Meet the Russian oligarch who paid Trump’s former campaign manager to help Putin

Oleg Deripaska, the Russian aluminum titan at the center of a new controversy surrounding US president Donald Trump, rose up in the blood-and-guts, rough-and-tumble chaos that followed the breakup of the USSR 25 years ago. But of the period’s dozens of billionaire oligarchs, he is one of only a few still in the game.

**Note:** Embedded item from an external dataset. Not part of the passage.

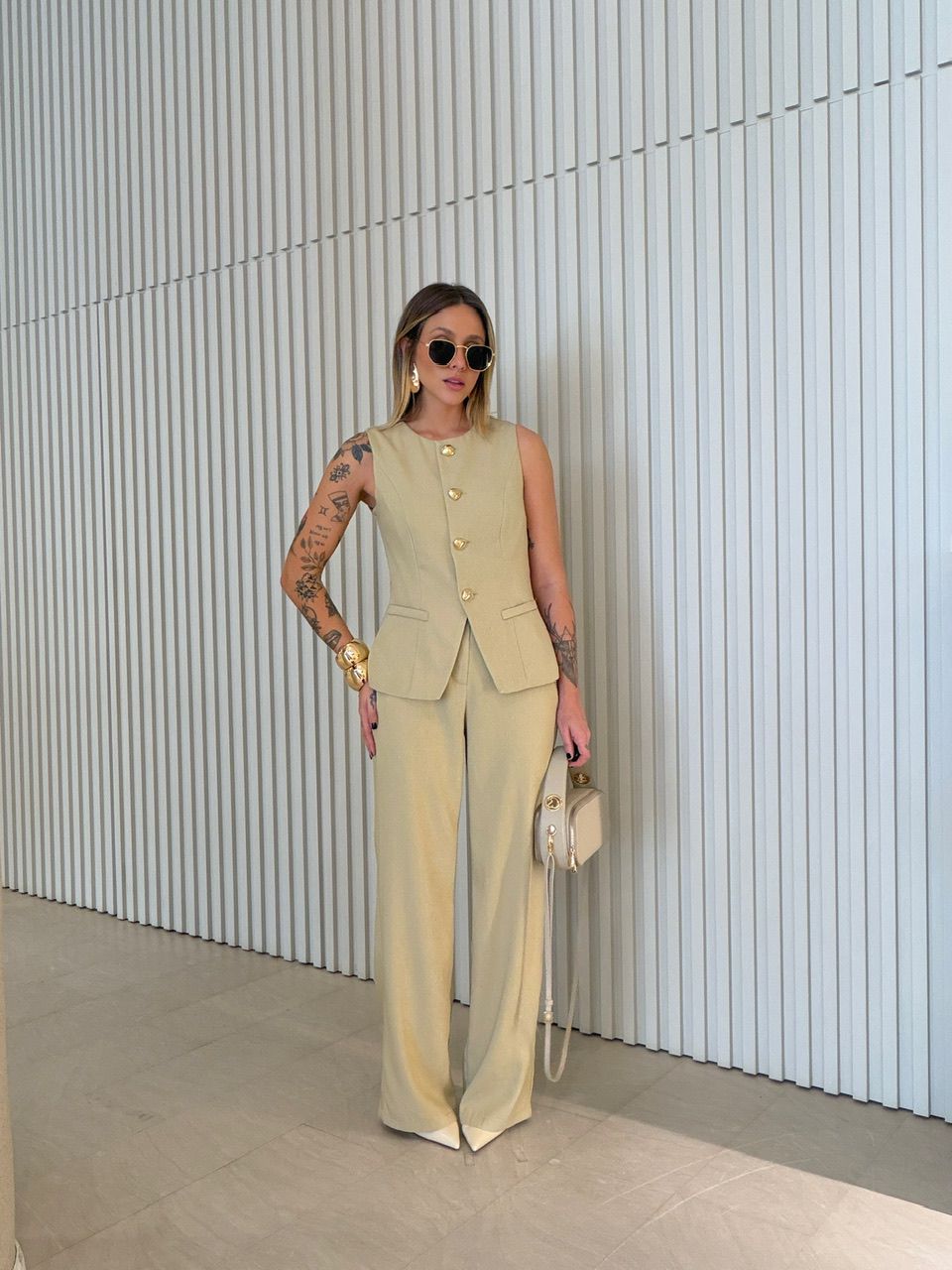 CONJUNTO TAMARA COLETE CALÇA CREME - 0075020087 - CAROLLA FERRARO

The 49-year-old Deripaska—a six-foot tall teetotaler who takes his tea without sugar—appears to have Vladimir Putin’s favor, accompanying the Russian president on foreign trips and financially supporting his political campaigns. With a fortune most recently estimated by Forbes at $5.2 billion, Deripaska owns Basic Element, a diversified industrial company in aviation, construction, energy, and financial services. And some of that money seems to have gone to Trump’s former presidential campaign manager, Paul Manafort.

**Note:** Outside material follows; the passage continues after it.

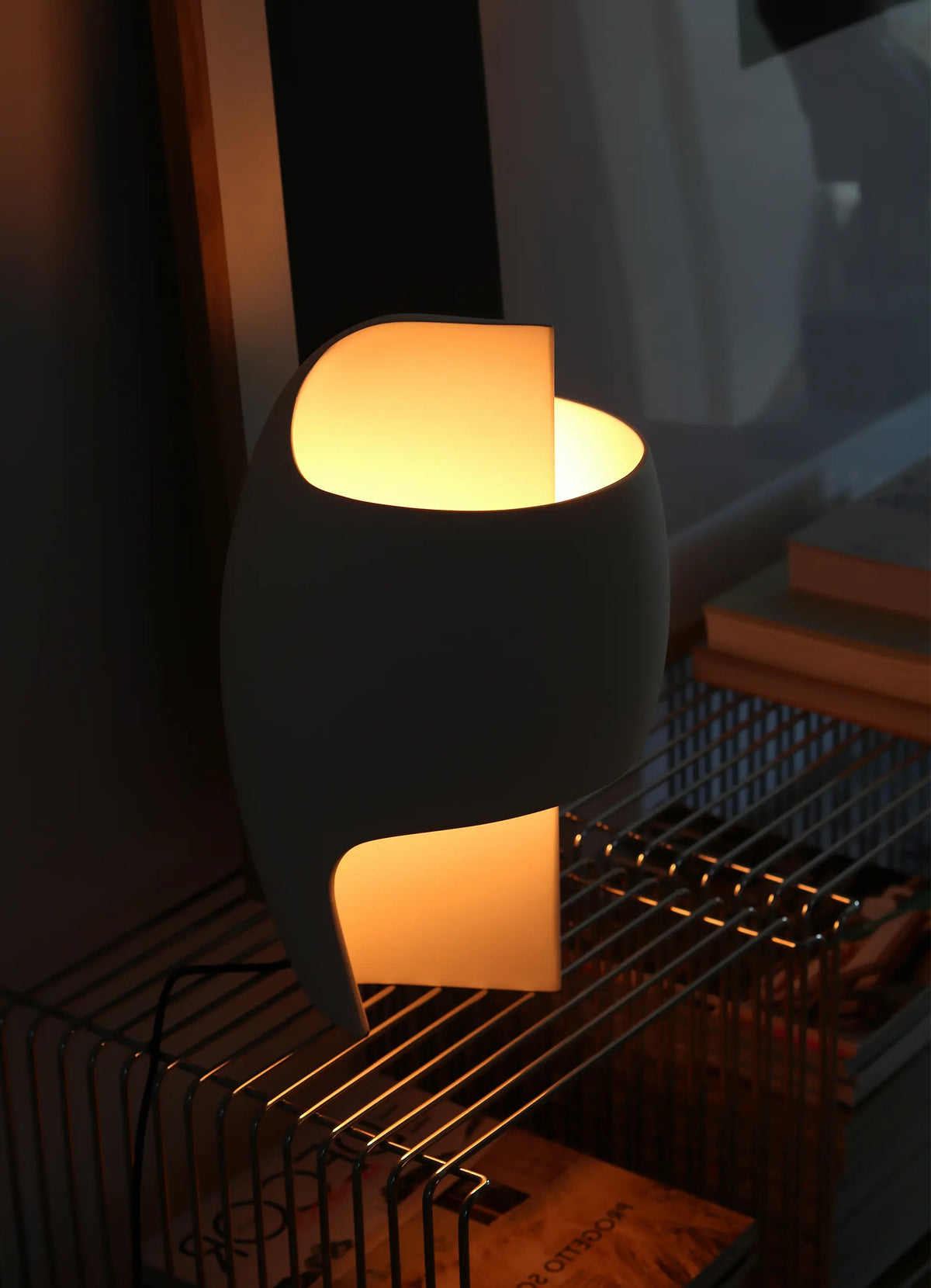 DCW La Lampe B Table Lamp detail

Today, news agency Associated Press reported that Deripaska paid Manafort $10 million a year to lobby for Putin-friendly oligarchs in Ukraine, and for pro-Russian governments in Georgia, Tajikistan and Uzbekistan, from 2006 through at least 2009. Deripaska also paid Manafort to undermine anti-Russian individuals in these former Soviet states, using front groups and media, according to the report.

Nevertheless, Manafort has said there was nothing “pro-Russian” in his dealings with Deripaska. For his part, the oligarch told the AP that Manafort was paid to work on behalf of his “business interests.”

But since the Soviet breakup, Deripaska has been the consummate political insider. His wife, Polina, is the daughter of Valentin Yumashev, former chief of staff to then-president Boris Yeltsin (Yumashev himself was married to Yeltsin’s daughter, Tatyana). Yumashev also is said to be the first member of Yeltsin’s coterie to suggest that Putin be elevated to president.

When Putin was elevated at the end of 1999, Deripaska did not miss a beat. On July 28, 2000, Putin gathered together 21 of the business magnates who had dominated so much of Russian politics during the Yeltsin era. Putin told them he would not mess with their spoils—but that they had to stay out of politics. A few ignored Putin’s warning and ended up stripped of their assets, in prison, or in exile. Deripaska is among those who enthusiastically followed orders.

There has been two-way support. When the global financial crisis struck in 2009, Putin lambasted Deripaska on national Russian television for his alleged readiness to close a small furniture factory in the hinterlands. But Putin also stepped in with a bailout to help rescue Deripaska’s struggling operations. In 2008, Deripaska was banned in the US because of alleged ties to organized crime. But Putin reportedly interceded to clear his way.

Deripaska and Manafort became estranged in 2014, following a $19 million television deal gone bad. Two years later, during Trump’s 2016 presidential campaign, people around Deripaska accused Manafort of fraud and threatened to take action to recover money from Manafort.